Start of Block

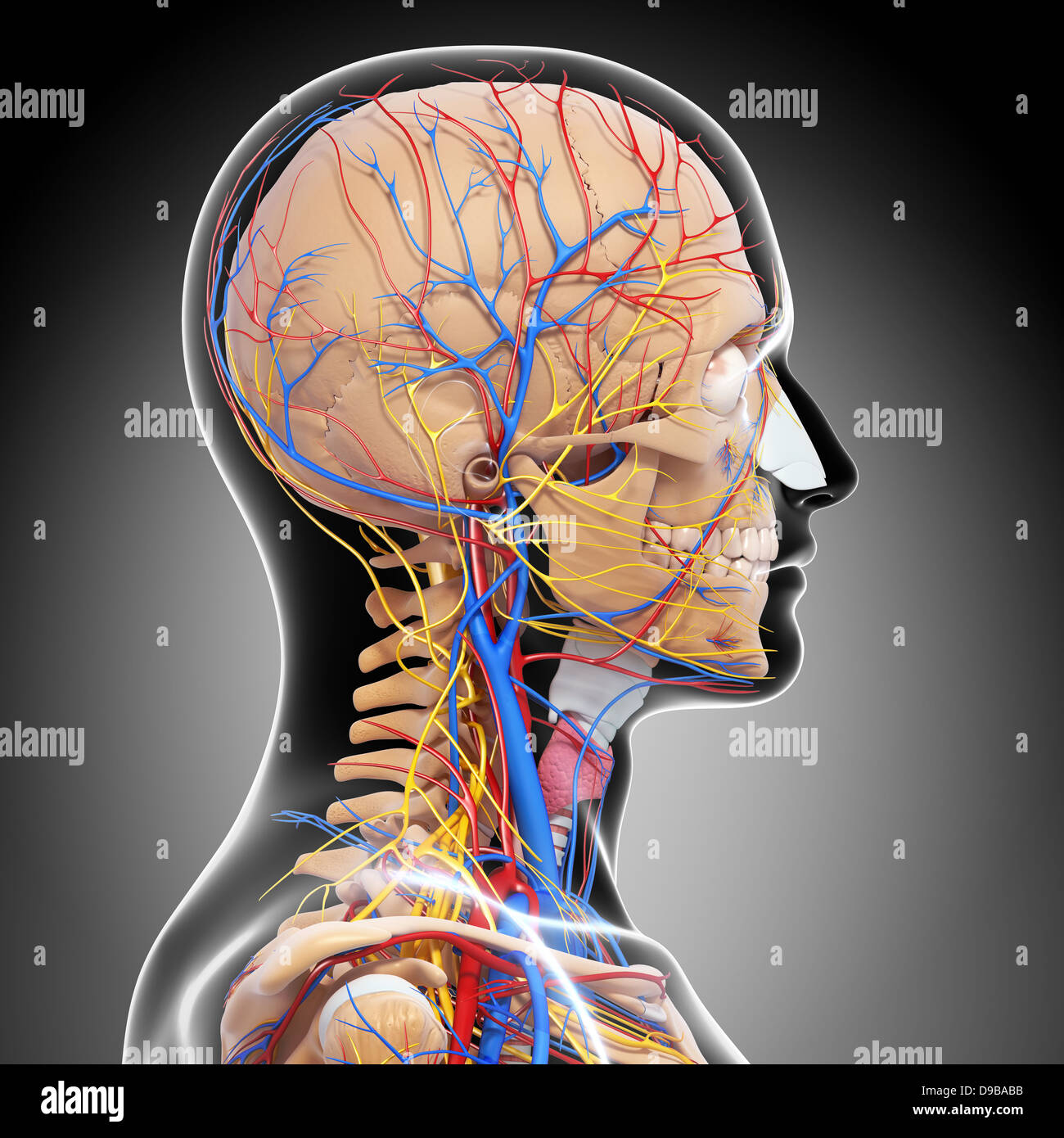 Herz-Kreislauf-System der menschlichen Kopf Anatomie Stockfoto
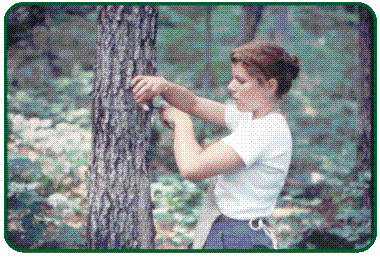 Picture of Forest Productivity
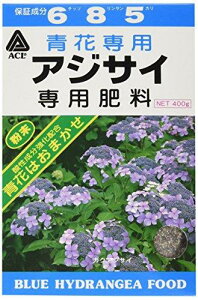 A~m[w AWTCp엿 400g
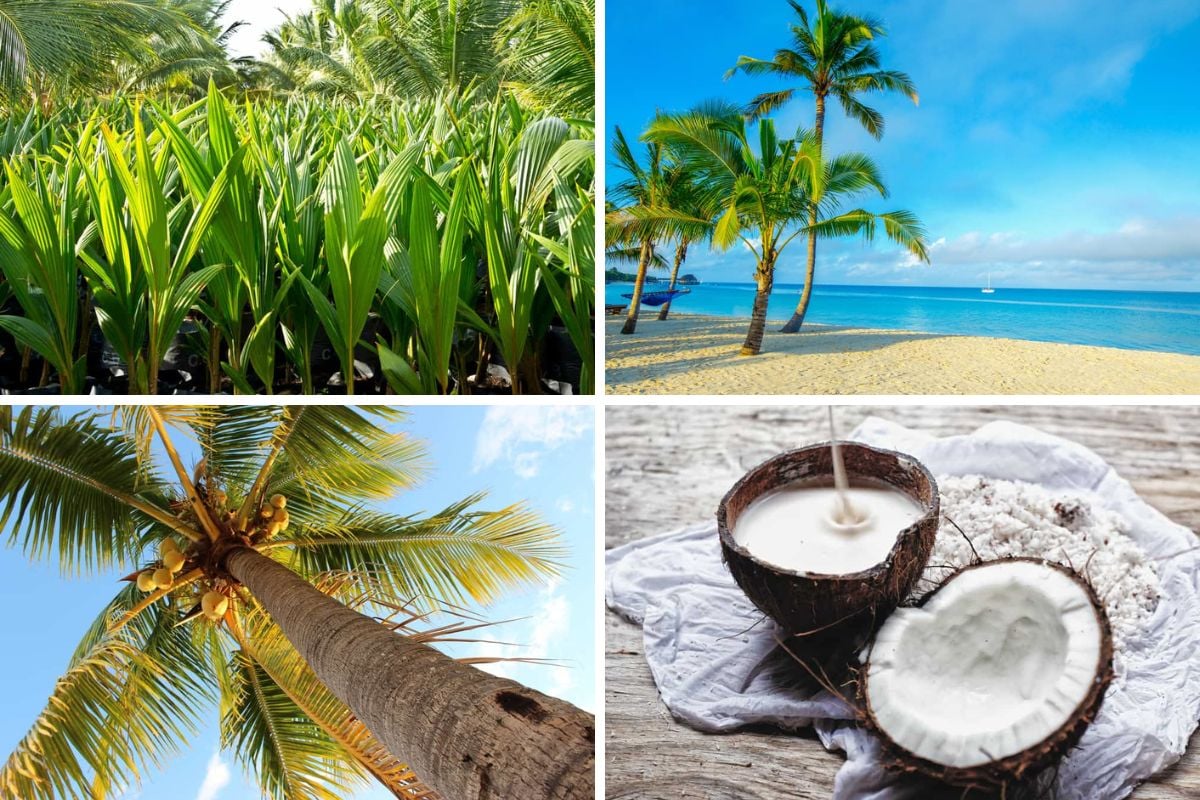 椰子生命周期的拼贴图。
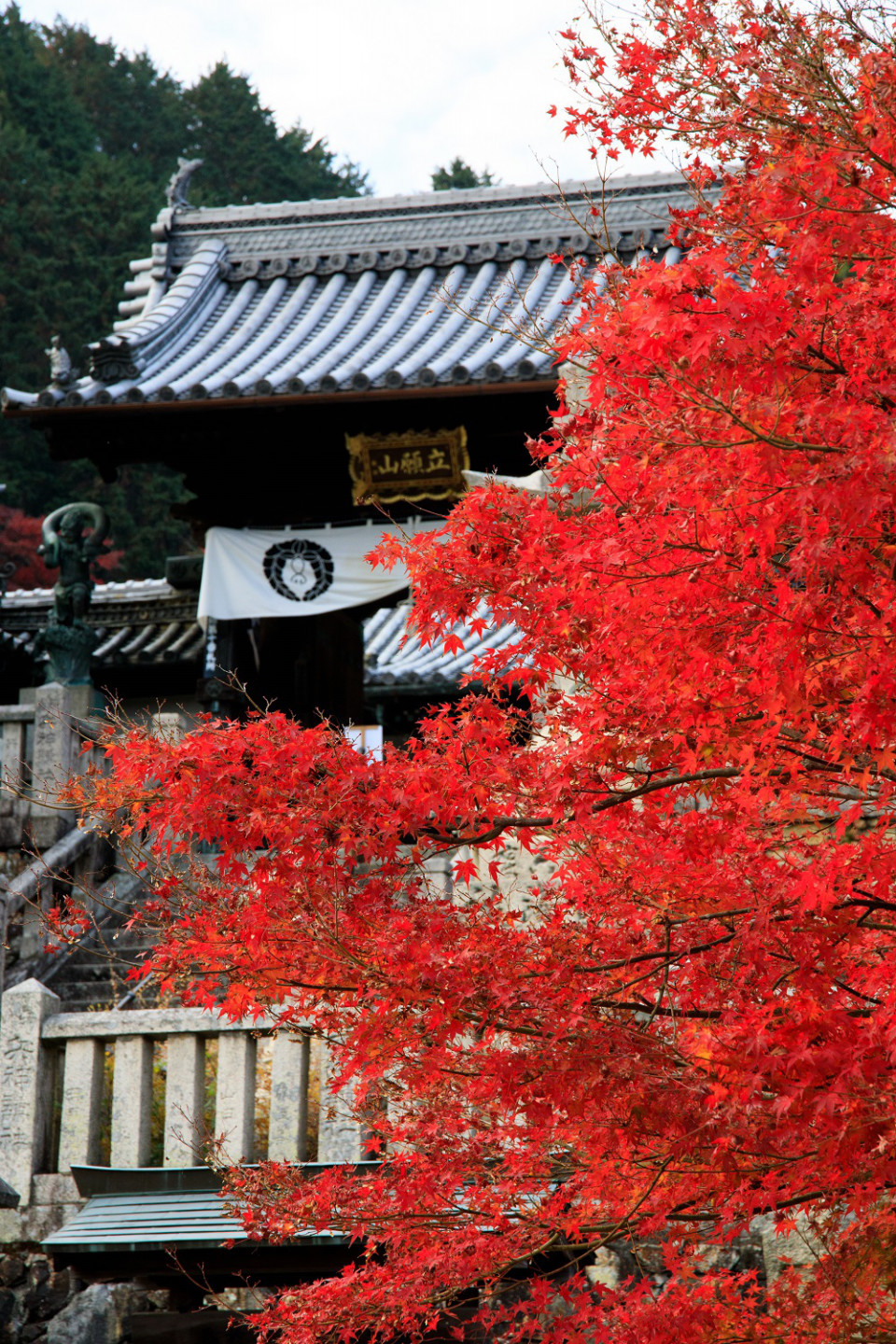 京都 長岡京の紅葉情報 ライトアップも 楊谷寺 長岡天満宮 Sense Nagaokakyo 長岡京市のサブサイト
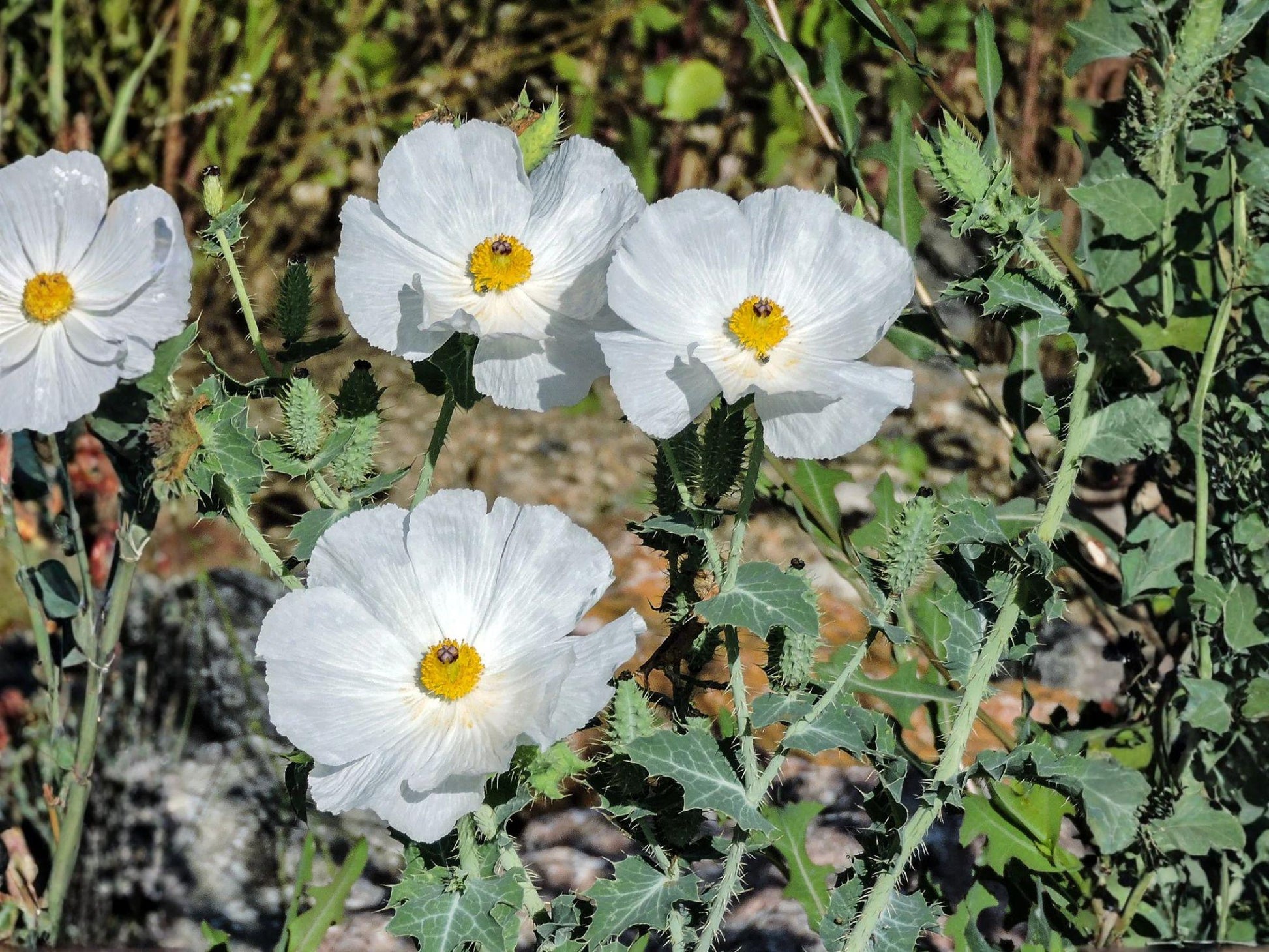 Prickly Poppy Seeds | Native Wildflower | Drought Tolerant Prairie Plant | Argemone polyanthemos | 15 Seeds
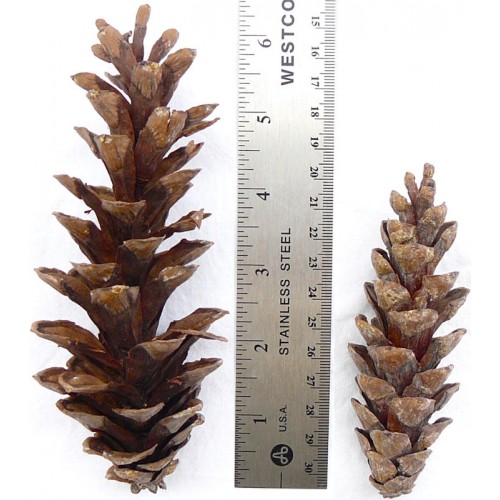 Pine cones for sale, Buy Pine cones, Purchase Pine cones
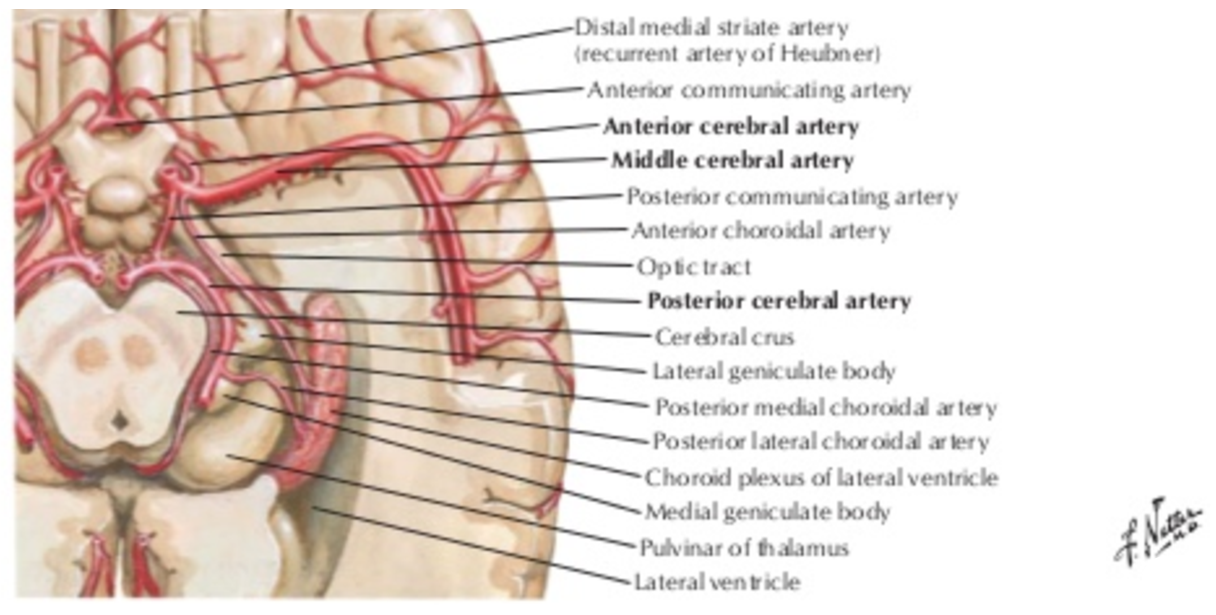 Frank Netter, M.D. posterior cerebral artery base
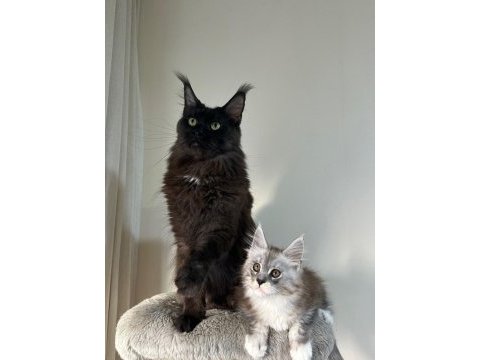 Saf kan xxl şecereli maine coon yavruları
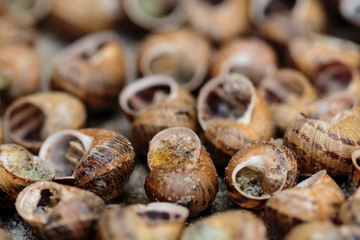 Close up image of Cargols a la Llauna. Catalan gastronomy. Typical dish from Lleida, Catalonia - Cataluña (Spain) 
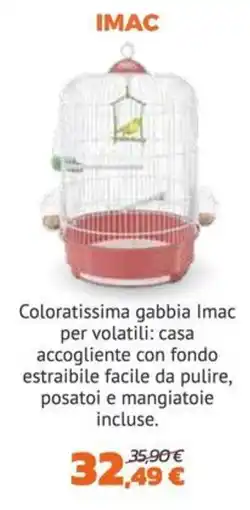 Joe Zampetti Gabbia Imac offerta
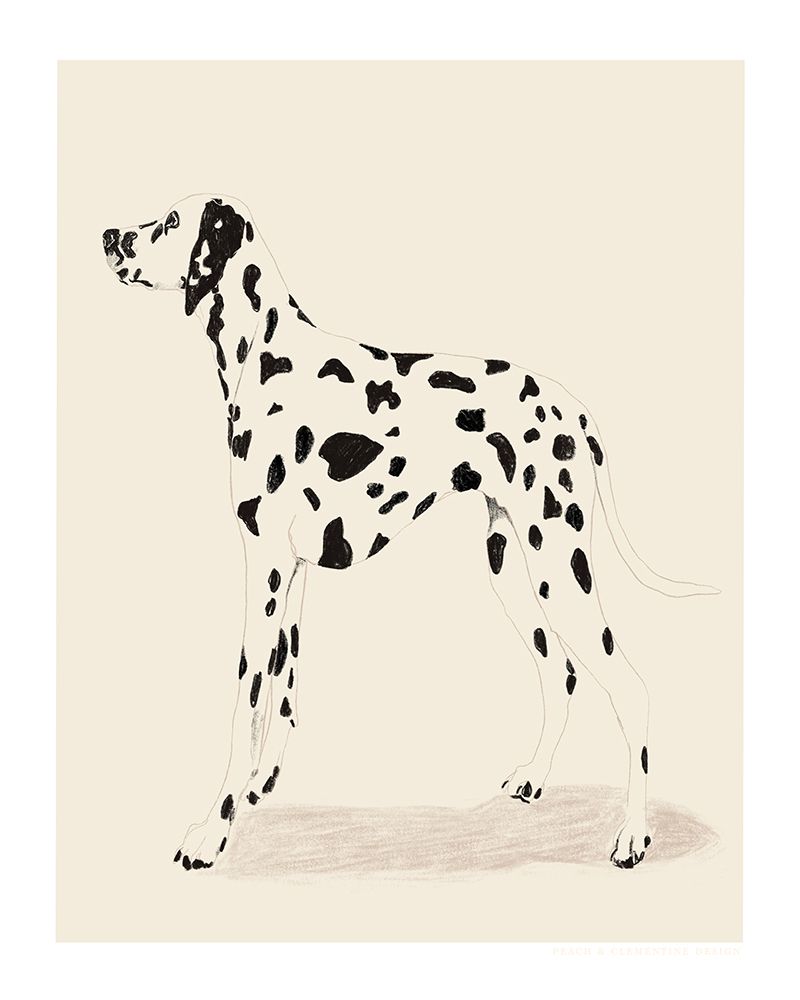 Pandc Dalmation art print by Jenny Liz Rome for $57.95 CAD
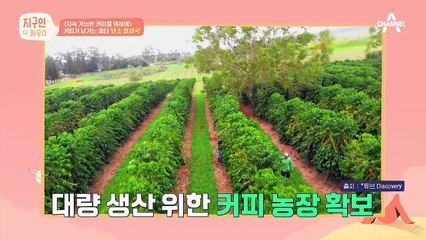 커피를 마시면 지구 환경에 악영향을 끼친다? 커피가 남기는 흉터, '탄소 발자국'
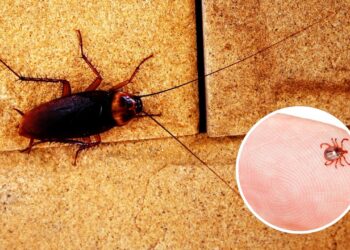 O melhor repelente natural contra baratas e carrapatos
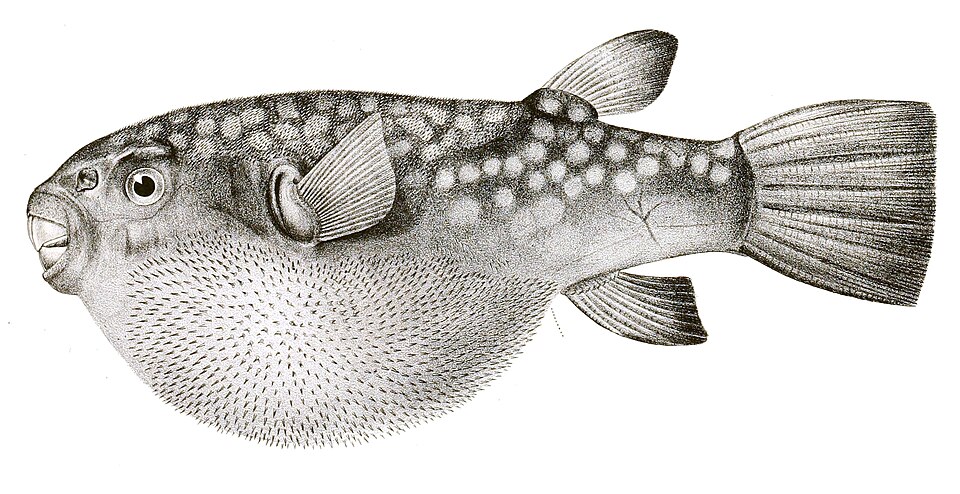 Chelonodon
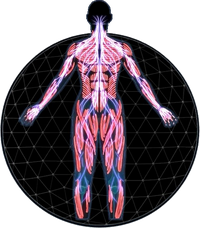 MEA Vanguard Profile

End of Block

**What to do**
The listing must be returned in full and exactly, apart from its pictures.

**Output below**
 Herz-Kreislauf-System der menschlichen Kopf Anatomie Stockfoto
 Picture of Forest Productivity
 A~m[w AWTCp엿 400g
 椰子生命周期的拼贴图。
 京都 長岡京の紅葉情報 ライトアップも 楊谷寺 長岡天満宮 Sense Nagaokakyo 長岡京市のサブサイト
 Prickly Poppy Seeds | Native Wildflower | Drought Tolerant Prairie Plant | Argemone polyanthemos | 15 Seeds
 Pine cones for sale, Buy Pine cones, Purchase Pine cones
 Frank Netter, M.D. posterior cerebral artery base
 Saf kan xxl şecereli maine coon yavruları
 Close up image of Cargols a la Llauna. Catalan gastronomy. Typical dish from Lleida, Catalonia - Cataluña (Spain) 
 Joe Zampetti Gabbia Imac offerta
 Pandc Dalmation art print by Jenny Liz Rome for $57.95 CAD
 커피를 마시면 지구 환경에 악영향을 끼친다? 커피가 남기는 흉터, '탄소 발자국'
 O melhor repelente natural contra baratas e carrapatos
 Chelonodon
 MEA Vanguard Profile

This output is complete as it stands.